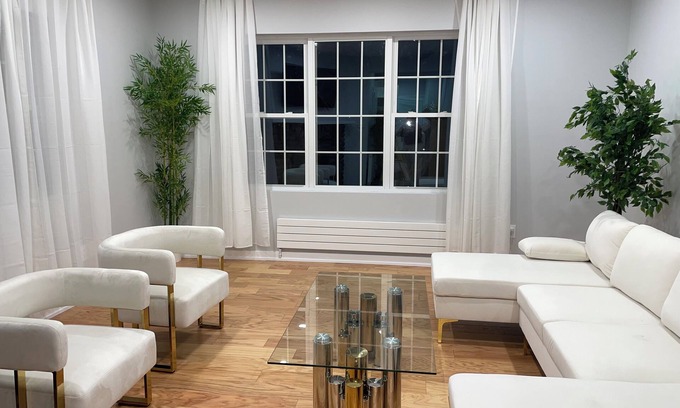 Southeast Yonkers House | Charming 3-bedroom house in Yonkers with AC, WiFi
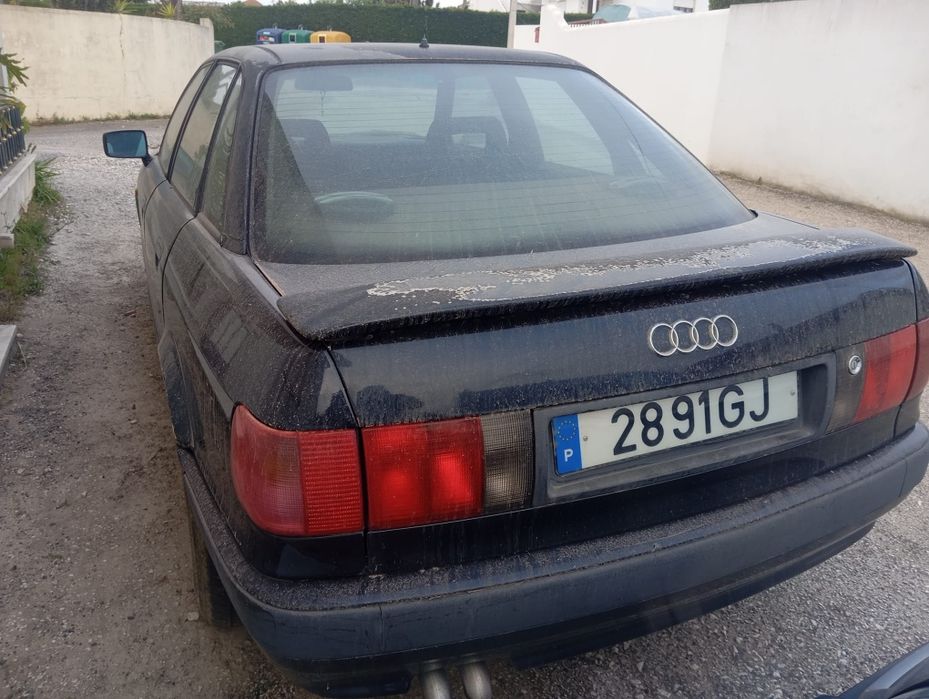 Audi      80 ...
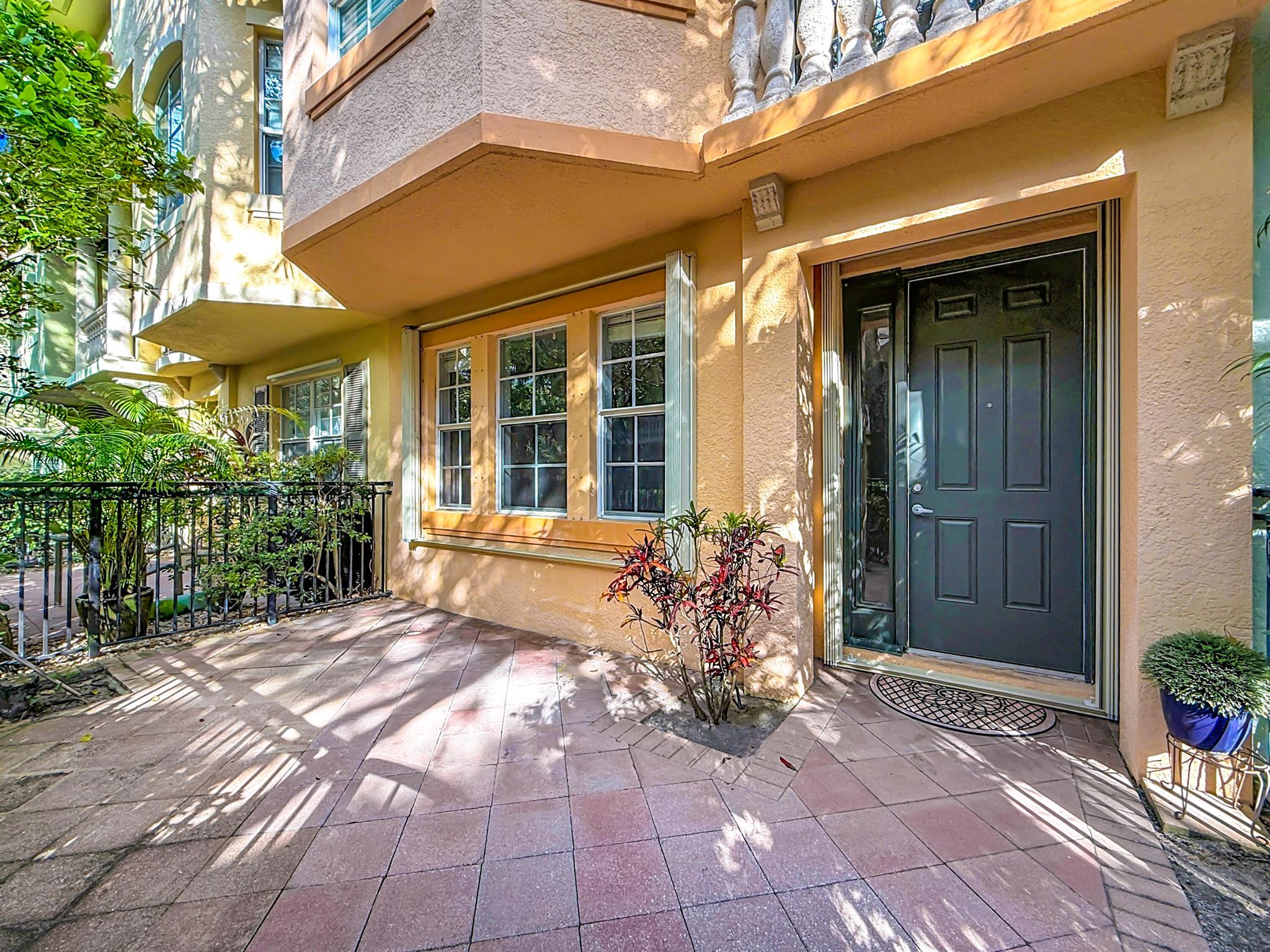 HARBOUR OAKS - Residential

########

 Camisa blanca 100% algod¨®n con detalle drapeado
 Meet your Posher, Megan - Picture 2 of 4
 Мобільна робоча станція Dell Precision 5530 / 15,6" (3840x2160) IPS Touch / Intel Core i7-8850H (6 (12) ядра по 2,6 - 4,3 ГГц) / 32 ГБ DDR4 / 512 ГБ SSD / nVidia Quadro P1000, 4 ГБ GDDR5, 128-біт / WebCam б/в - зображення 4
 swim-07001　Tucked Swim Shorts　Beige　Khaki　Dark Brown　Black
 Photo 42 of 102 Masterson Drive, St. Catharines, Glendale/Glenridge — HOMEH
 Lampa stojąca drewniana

########

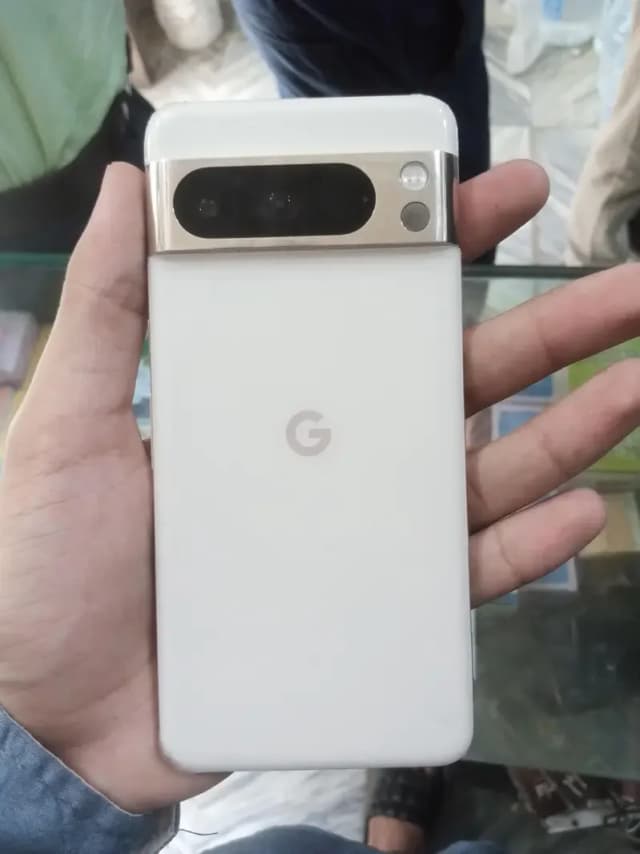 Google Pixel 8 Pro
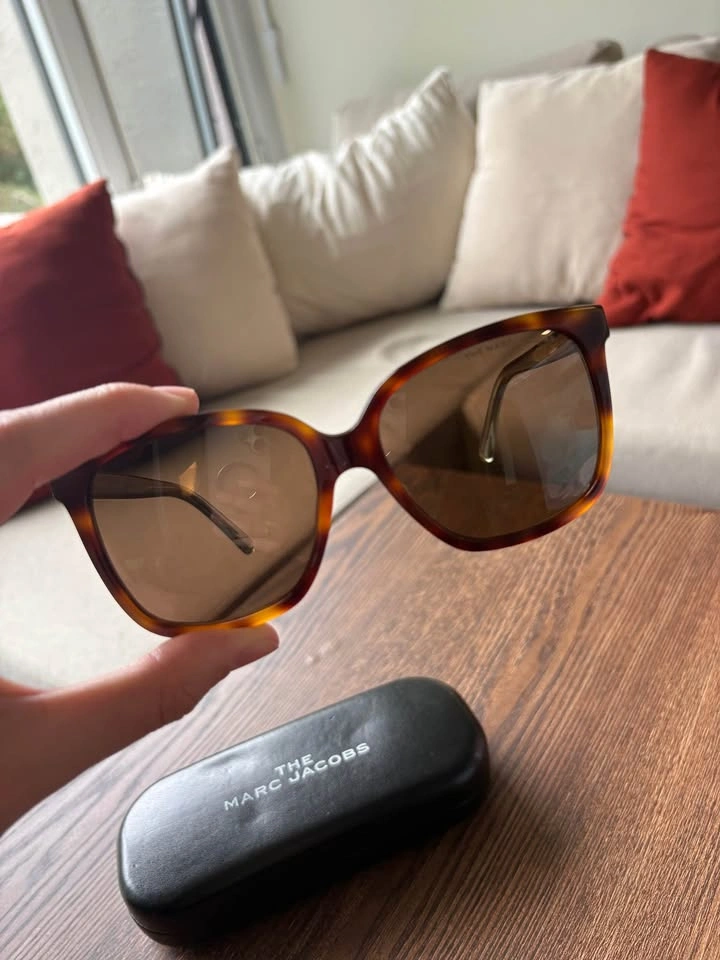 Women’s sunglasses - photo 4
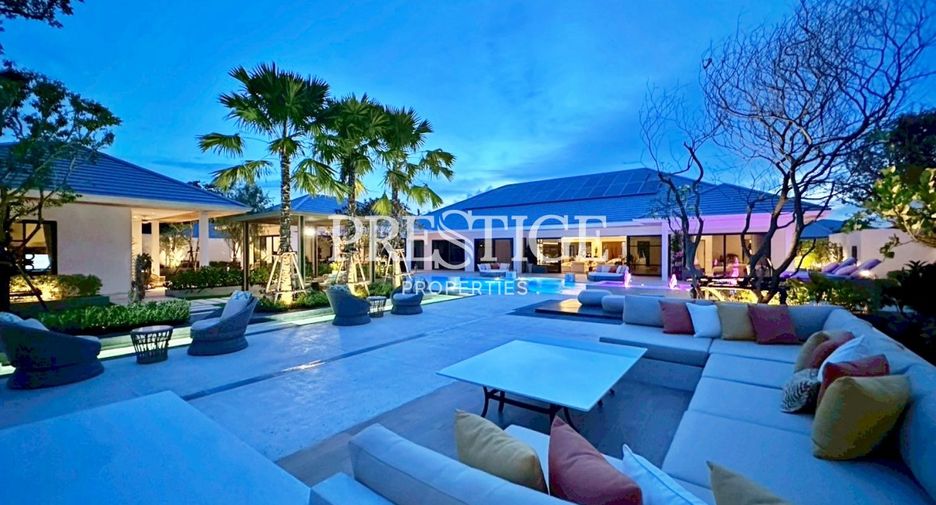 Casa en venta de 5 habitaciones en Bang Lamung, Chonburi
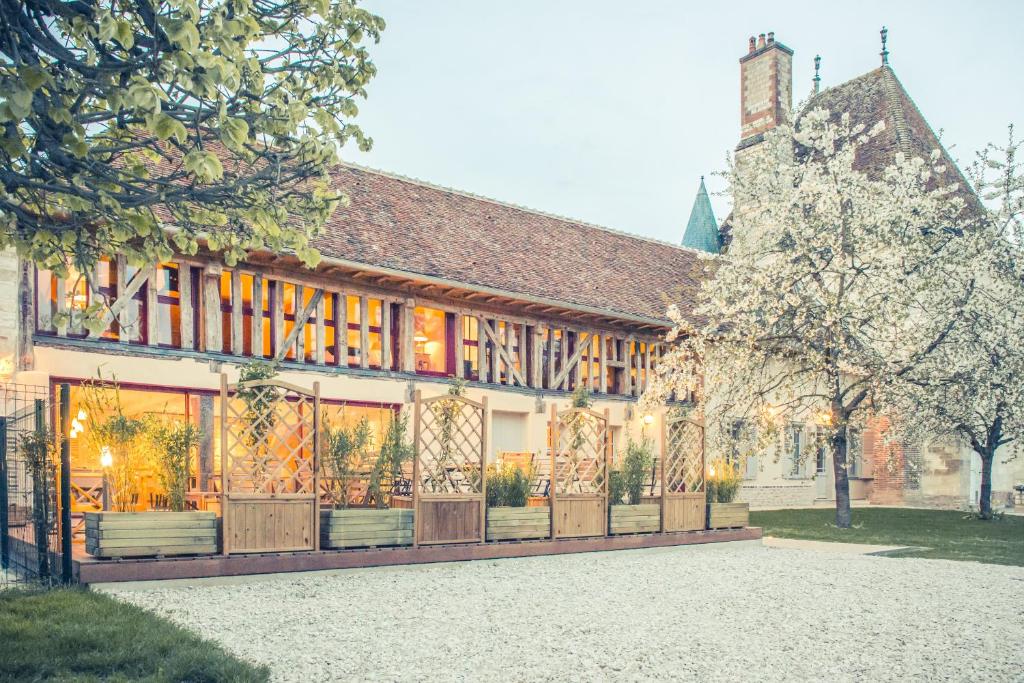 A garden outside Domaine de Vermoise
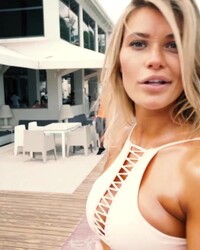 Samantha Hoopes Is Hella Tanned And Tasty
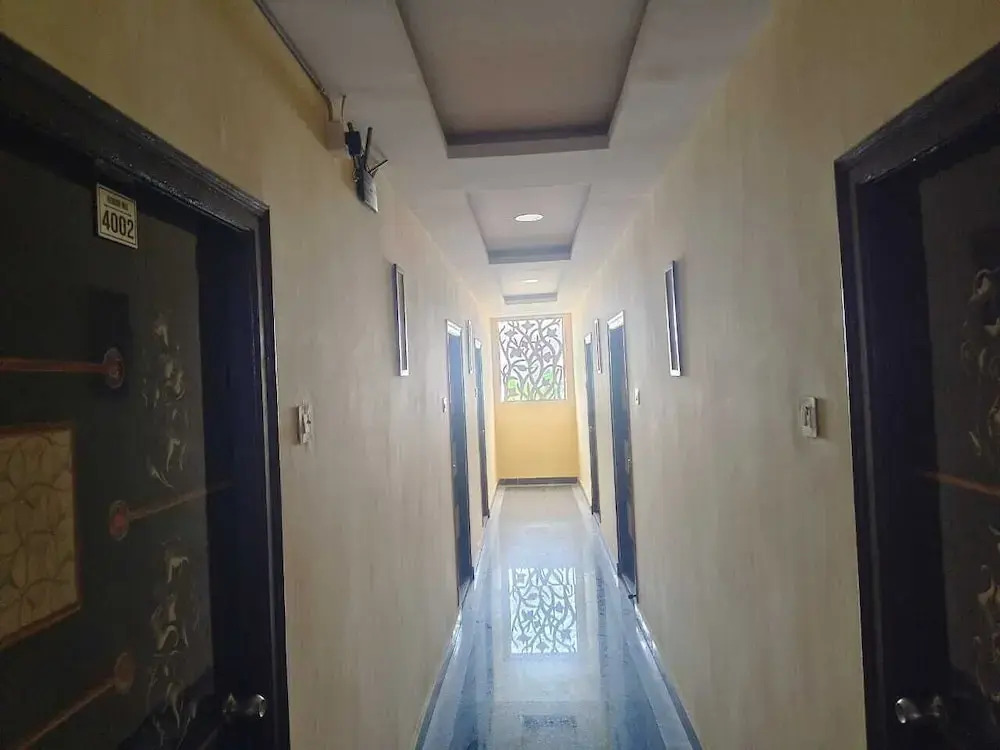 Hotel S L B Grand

########

REQUIREMENT
After locating "Southeast Yonkers House" and "HARBOUR OAKS - Residential" in the records above, return exactly the line holding each one and every line between them; leave out the pictures.

WRITTEN REPLY
 Southeast Yonkers House | Charming 3-bedroom house in Yonkers with AC, WiFi
 Audi      80 ...
 HARBOUR OAKS - Residential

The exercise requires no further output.